We then come to the question of ‘common sense’, which she has often discussed. I say that women act not starting from theories and models, but by looking at the real situation they face, and trying to find a solution they consider right and appropriate. But because women do not operate on the basis of acquired theories in the culture of management, such practices are not recognised, and labelled by men as common sense. And yet, this is how new ideas and new management practices are created.  Lisl confirms this: ‘Common sense: I still have this problem today, in order for the value of what you do to be recognised, you need to have a theoretical name for it. But common sense is your experience. … I instinctively look in a contingent way .’

It is precisely for this that, returning to the new project I’m developing, I say that we want to express in organised thought the criteria that have emerged from the new experiences of women managers. I outline the main points. Lisl finds it all surprisingly interesting (‘very interesting, what you do is very interesting’).

She asks for an explanation of a few concepts. Especially when I say that contingency stimulates solutions, but the solutions must not be contingent, but rather change the corporate culture. ‘ Give me an example,’ she asks. I give her a few. She is intrigued (you can tell by her admiring expressions and small exclamations of surprise), and says she will report these stories to those who have worked with Marie Jahoda and to Lotte (I think her daughter, a professor of management at MIT). She repeats several times the names of the women I mention, puts paper clips at those points of the book. Then she tells me something illuminating.

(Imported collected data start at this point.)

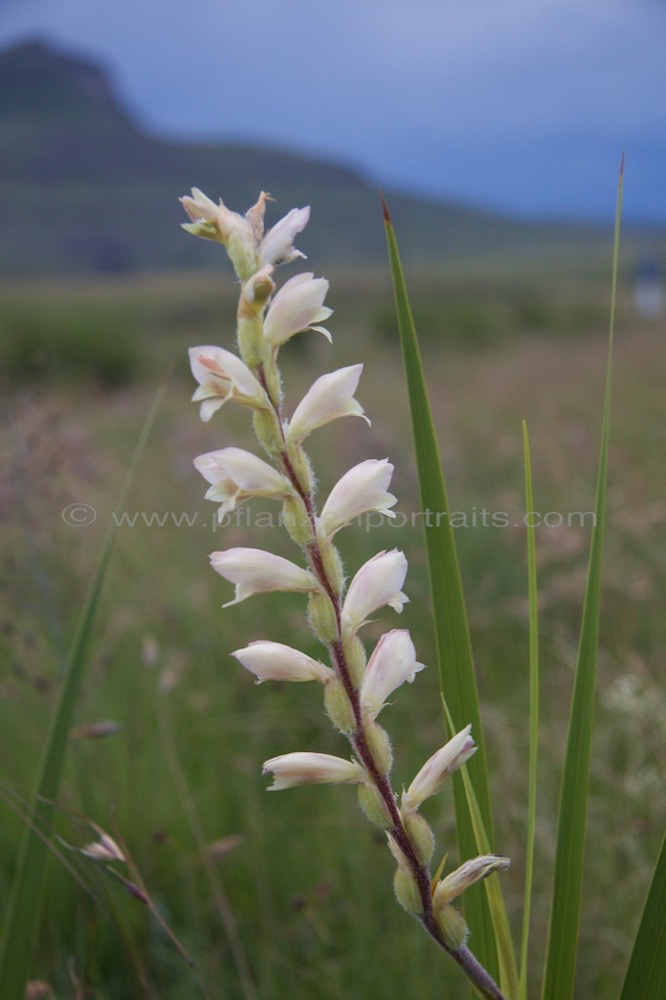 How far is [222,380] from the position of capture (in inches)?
29.8

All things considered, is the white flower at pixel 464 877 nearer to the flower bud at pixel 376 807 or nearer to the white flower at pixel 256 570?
the flower bud at pixel 376 807

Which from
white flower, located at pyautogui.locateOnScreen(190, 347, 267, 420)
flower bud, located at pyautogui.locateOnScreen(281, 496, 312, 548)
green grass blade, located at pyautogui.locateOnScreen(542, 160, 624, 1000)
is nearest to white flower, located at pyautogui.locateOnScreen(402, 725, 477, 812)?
green grass blade, located at pyautogui.locateOnScreen(542, 160, 624, 1000)

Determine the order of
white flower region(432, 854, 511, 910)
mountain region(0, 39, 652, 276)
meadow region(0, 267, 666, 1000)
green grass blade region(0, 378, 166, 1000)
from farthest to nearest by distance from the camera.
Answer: mountain region(0, 39, 652, 276) < meadow region(0, 267, 666, 1000) < green grass blade region(0, 378, 166, 1000) < white flower region(432, 854, 511, 910)

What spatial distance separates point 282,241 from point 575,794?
0.58 metres

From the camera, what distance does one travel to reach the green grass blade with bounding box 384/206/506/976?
0.81 metres

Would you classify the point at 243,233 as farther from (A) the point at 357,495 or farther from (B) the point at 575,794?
(B) the point at 575,794

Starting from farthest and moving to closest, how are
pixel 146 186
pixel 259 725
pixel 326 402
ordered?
pixel 146 186 < pixel 259 725 < pixel 326 402

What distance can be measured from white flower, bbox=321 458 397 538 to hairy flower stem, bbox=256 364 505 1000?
0.04 metres

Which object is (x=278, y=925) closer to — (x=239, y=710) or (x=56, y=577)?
(x=239, y=710)

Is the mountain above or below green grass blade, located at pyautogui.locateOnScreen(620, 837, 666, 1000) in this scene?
above

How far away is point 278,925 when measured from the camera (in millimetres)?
1888

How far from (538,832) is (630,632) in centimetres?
121

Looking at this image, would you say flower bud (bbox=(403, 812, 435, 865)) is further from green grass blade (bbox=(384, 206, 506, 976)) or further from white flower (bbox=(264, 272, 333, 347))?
white flower (bbox=(264, 272, 333, 347))

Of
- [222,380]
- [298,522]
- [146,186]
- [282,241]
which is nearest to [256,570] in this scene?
[298,522] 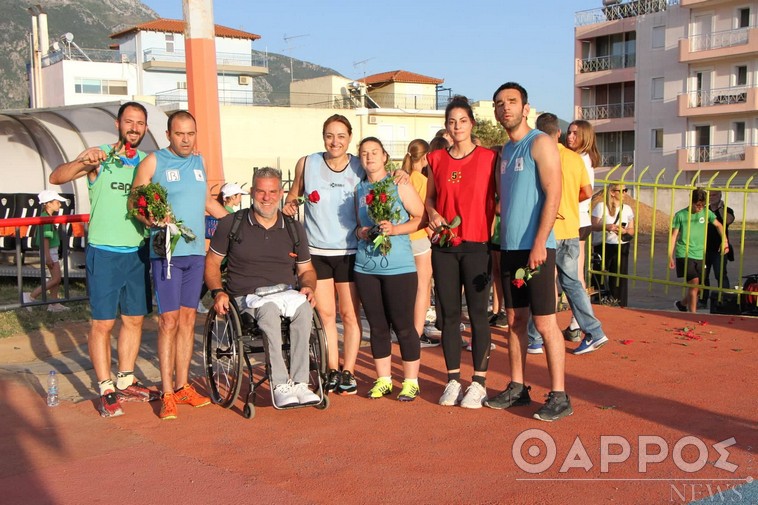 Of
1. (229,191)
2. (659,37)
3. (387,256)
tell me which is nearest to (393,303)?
(387,256)

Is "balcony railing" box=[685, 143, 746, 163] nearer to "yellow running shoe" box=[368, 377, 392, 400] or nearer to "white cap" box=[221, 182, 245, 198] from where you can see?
"white cap" box=[221, 182, 245, 198]

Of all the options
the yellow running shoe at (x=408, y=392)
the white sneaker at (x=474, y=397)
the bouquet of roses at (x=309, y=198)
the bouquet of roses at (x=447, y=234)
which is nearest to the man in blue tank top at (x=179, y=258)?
the bouquet of roses at (x=309, y=198)

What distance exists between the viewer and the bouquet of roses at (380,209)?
5965 millimetres

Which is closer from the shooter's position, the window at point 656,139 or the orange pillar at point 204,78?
the orange pillar at point 204,78

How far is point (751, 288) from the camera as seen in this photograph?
9.88m

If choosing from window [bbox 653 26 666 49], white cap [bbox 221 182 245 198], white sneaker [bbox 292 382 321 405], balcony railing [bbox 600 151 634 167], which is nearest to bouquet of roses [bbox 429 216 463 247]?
white sneaker [bbox 292 382 321 405]

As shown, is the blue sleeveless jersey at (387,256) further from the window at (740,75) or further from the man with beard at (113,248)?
the window at (740,75)

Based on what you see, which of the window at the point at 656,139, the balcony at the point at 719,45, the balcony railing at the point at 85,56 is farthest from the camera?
the balcony railing at the point at 85,56

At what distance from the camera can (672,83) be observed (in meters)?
47.1

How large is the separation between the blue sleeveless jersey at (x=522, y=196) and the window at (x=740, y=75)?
140ft

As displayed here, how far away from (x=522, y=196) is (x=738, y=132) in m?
43.0

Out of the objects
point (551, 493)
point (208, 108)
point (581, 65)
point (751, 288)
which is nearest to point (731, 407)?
point (551, 493)

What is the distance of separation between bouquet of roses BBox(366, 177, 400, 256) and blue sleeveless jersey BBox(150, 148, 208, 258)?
4.16 ft

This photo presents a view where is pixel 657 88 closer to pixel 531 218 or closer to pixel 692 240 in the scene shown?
pixel 692 240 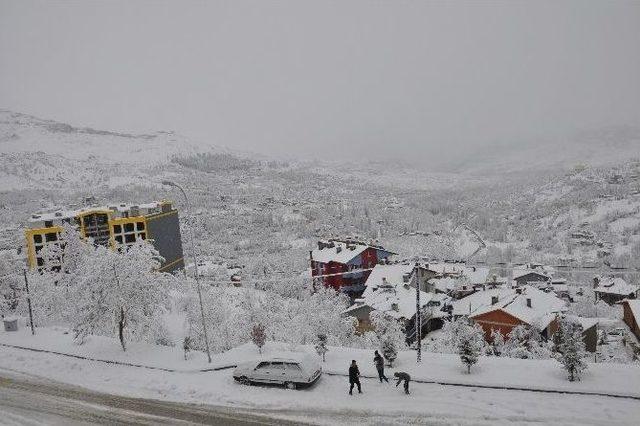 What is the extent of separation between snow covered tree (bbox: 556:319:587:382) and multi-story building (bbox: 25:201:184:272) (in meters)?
64.2

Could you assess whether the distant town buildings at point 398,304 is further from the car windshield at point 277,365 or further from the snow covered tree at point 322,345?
the car windshield at point 277,365

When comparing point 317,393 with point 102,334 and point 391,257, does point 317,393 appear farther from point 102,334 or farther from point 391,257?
point 391,257

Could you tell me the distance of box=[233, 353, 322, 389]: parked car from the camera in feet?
62.3

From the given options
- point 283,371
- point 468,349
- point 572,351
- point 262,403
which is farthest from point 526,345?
point 262,403

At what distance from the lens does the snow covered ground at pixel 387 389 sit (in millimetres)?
15969

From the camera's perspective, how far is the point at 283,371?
760 inches

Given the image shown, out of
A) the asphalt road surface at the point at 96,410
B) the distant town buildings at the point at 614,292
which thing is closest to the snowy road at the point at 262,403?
the asphalt road surface at the point at 96,410

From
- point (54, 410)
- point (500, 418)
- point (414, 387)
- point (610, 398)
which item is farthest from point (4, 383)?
point (610, 398)

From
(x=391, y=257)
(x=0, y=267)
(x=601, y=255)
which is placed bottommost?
(x=601, y=255)

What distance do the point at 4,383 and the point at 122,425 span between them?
30.3ft

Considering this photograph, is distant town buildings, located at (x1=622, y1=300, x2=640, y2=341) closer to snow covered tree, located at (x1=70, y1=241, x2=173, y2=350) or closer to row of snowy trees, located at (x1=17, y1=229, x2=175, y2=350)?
row of snowy trees, located at (x1=17, y1=229, x2=175, y2=350)

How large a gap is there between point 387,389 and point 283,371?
14.1 feet

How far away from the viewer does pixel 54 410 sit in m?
19.2

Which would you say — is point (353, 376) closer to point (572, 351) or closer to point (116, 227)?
point (572, 351)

This way of being a manager that I tell her about, is a ‘transitional approach, as in the Winnicott’s theory of the transitional object: the bear, the blanket … the objects that for the child constitute a bridge in the transition from childhood to an unknown future. Because it’s not having immediate answers, it’s more an exploration of what could be.’

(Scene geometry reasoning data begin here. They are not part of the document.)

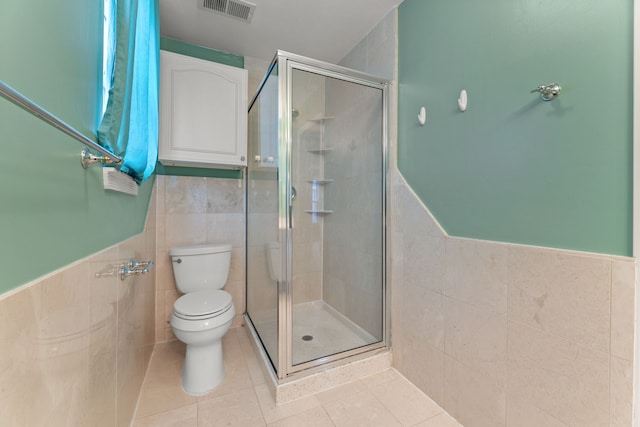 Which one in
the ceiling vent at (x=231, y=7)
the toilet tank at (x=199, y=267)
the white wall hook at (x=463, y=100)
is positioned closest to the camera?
the white wall hook at (x=463, y=100)

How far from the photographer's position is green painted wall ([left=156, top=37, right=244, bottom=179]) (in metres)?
2.02

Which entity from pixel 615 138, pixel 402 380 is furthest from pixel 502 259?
pixel 402 380

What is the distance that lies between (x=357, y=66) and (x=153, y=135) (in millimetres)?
1607

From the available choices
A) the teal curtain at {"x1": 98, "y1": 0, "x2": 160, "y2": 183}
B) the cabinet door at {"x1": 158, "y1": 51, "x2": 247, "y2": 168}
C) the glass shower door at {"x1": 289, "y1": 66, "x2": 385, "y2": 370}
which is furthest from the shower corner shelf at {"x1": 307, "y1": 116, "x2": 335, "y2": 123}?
the teal curtain at {"x1": 98, "y1": 0, "x2": 160, "y2": 183}

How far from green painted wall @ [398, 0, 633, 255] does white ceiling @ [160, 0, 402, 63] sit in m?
0.48

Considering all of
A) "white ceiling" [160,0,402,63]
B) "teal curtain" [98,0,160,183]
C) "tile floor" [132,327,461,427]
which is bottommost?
"tile floor" [132,327,461,427]

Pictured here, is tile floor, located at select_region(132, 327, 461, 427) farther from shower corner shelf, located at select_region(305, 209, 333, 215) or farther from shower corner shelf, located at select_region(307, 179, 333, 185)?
shower corner shelf, located at select_region(307, 179, 333, 185)

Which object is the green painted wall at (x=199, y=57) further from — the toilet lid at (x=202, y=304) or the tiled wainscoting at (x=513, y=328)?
the tiled wainscoting at (x=513, y=328)

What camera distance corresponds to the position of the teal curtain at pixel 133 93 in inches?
32.4

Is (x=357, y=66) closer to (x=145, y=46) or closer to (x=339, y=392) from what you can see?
(x=145, y=46)

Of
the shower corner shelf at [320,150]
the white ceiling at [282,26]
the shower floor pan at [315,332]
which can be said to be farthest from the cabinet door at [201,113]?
the shower floor pan at [315,332]

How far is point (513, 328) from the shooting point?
105 centimetres

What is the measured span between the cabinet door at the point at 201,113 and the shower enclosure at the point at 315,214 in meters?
0.14

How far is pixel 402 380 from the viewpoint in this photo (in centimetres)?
156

And then I take my leave. She asks if we can translate the book into English (compared to her publisher, mine is a giant). She loves the cover by Pat Carra (an amused smile). When I say that we have sold nearly a thousand copies – it’s actually 900 and something, but never mind – she was incredulous: ‘More than all my books together.’ So, after two hours I left.  She said goodbye adding that she wants to see me again with the new book: ‘if I don’t die.’

I came away happy and amused. I was walking on air, even though it was pouring. I was grateful to this great scholar who had listened and wanted to learn from women with no qualifications but who act with courage and think about the value of what they do.  And you might say: But what is there to be so happy about? I think what there is, is great recognition. And this makes me think we are doing something that has even more value than we imagine.

I was supposed to meet her again in this period in London. I miss this meeting, I am moved by the absence, but I’m glad that Lisl is remembered and that she will be present in the new book.